TASK
Which lines run from the one containing "Umbrela de plaja" to the end of the material below? Copy them exactly, pictures excluded.

-------- INFORMATION PROVIDED --------

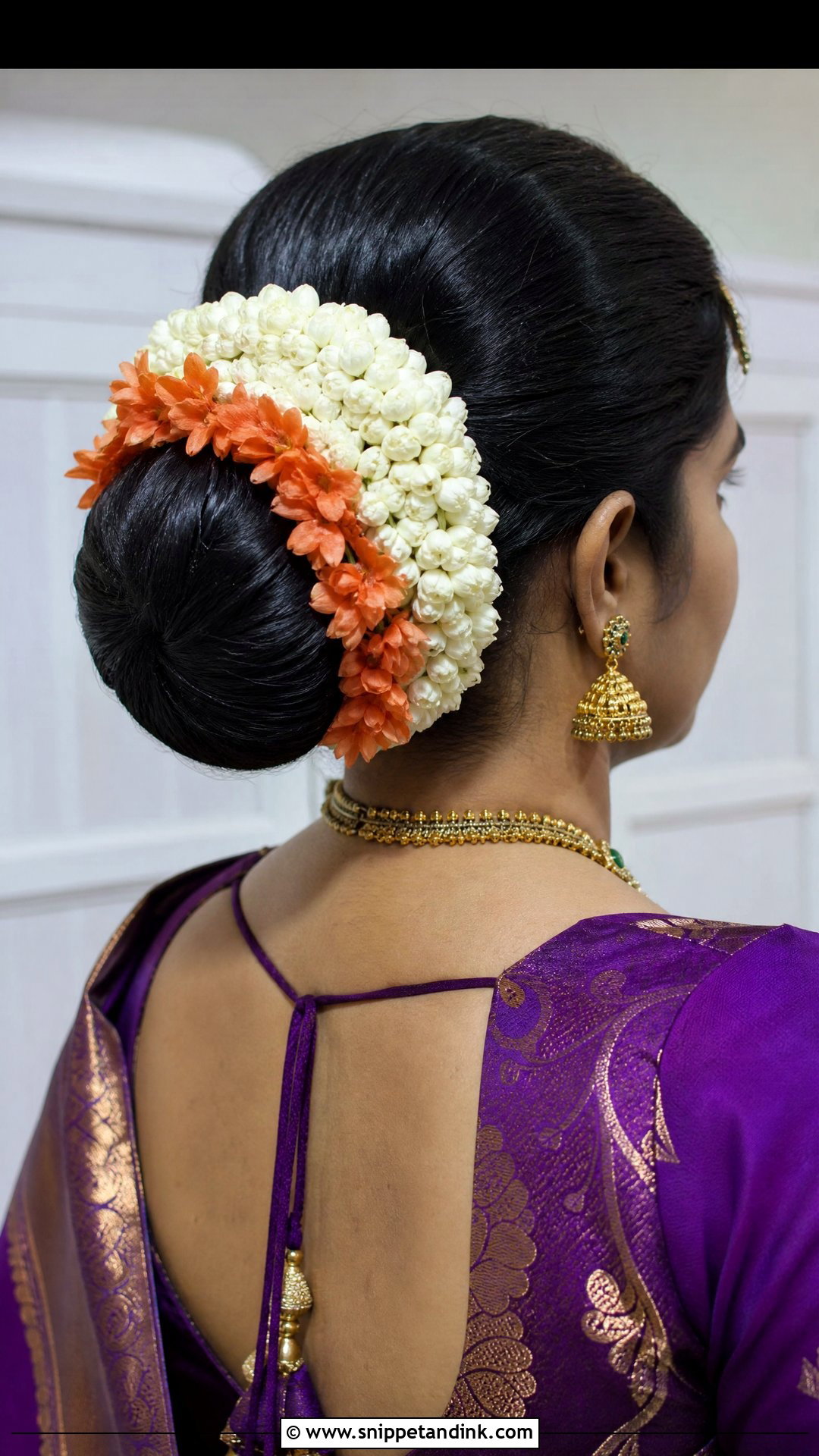 Gajra Bun With Silk Saree - Snippet and Ink - 20 South Indian Wedding Hairstyles for Long Hair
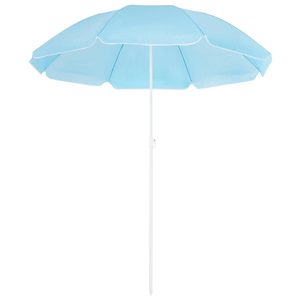 Umbrela de plaja pliabila cu inclinare reglabila, UPF 50+, cu husa transport, 160 cm, albastru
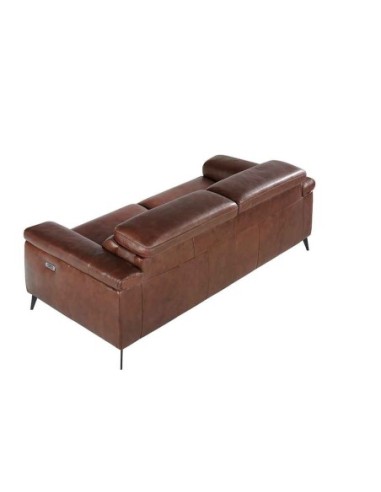 Sofá relax 3 plazas piel marrón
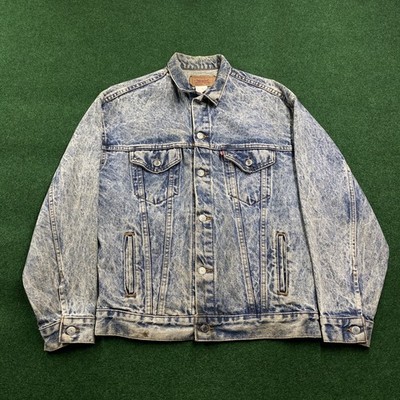 Vintage Levi Trucker Jacket Mens XL Blue 80S 90S Denim Jean Coat USA MADE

--------

THE COMPLETED TASK
 Umbrela de plaja pliabila cu inclinare reglabila, UPF 50+, cu husa transport, 160 cm, albastru
 Sofá relax 3 plazas piel marrón
 Vintage Levi Trucker Jacket Mens XL Blue 80S 90S Denim Jean Coat USA MADE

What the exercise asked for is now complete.